The reality is that there are many treatments with high success rates, however, that does not address the number of young women who do not seek treatment and die from the condition. That said the ideal means to combat eating disorders in the modern era is to prevent them from occurring in the first place (Sidiropoulos, 2007).Prevention is the key to defeating eating disorders. In order for that to happen though there is a need for a great deal of change and reform. There is a need for greater education in spotting the signs of eating disorders so that they can be “nipped in the bud” before they are able to become more severe. There is greater need for a reeducation of children, especially at the pre-teen and teen levels, about bullying and the effect of social media can have on their peers (McKay, 2013). However, the most significant area that requires reforms is the images presented by the media that sets an unattainable standard that these young girls can never hope to achieve. These images are the subject of air-brushing, computer editing software and enhancing additives in order to create an image that is flawless, but entirely unnatural.

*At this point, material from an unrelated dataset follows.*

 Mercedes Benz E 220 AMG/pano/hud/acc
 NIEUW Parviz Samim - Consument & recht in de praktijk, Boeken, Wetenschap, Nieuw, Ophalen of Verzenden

Young girls need to understand that and be encouraged to have greater love for themselves just as they are and less focused on appearance, but quality of character.
CONCLUSION
In the end, eating disorders are very real and can lead to terrible health consequences, including death. These conditions start small and become more and more severe over time. If there is any logical hope of preventing the development of these eating disorders then it is, without question, necessary to eliminate the core causes of the conditions which too often go unaddressed. Modern media and future technological advances are not going away, but as a society we need to have a better understanding and means of explaining realistically in regards to the differences between real people and make believe. Some of the changes made to models are so extreme that they are more like an animated caricature than the visage of an actual person. Treatments, therapies and interventions can be beneficial, but prevention should be the overall goal. Can we as society prevent every instance of eating disorders? No, that is an unrealistic goal. There are still some young women who will follow that path, regardless of the actions of society. However, with the proper reeducation and reforms made through parents, schools and online sources a shift could be made that could prevent many instances of eating disorders and save young lives. More efforts need to be taken to inspire higher self esteem and positive self images for the young girls, teens and young woman that are at risk of developing eating disorders are relevant. Further research and study continues to be pursued in order to understand the conditions so that they can identify, prevent and treat when necessary with the greatest likelihood of success. However, these intervention must start at the root source; bullying, media imagery, and extra stressors that effect young women far more than young boys. Ultimately, greater research study and dedication to this subject is warranted and worthwhile.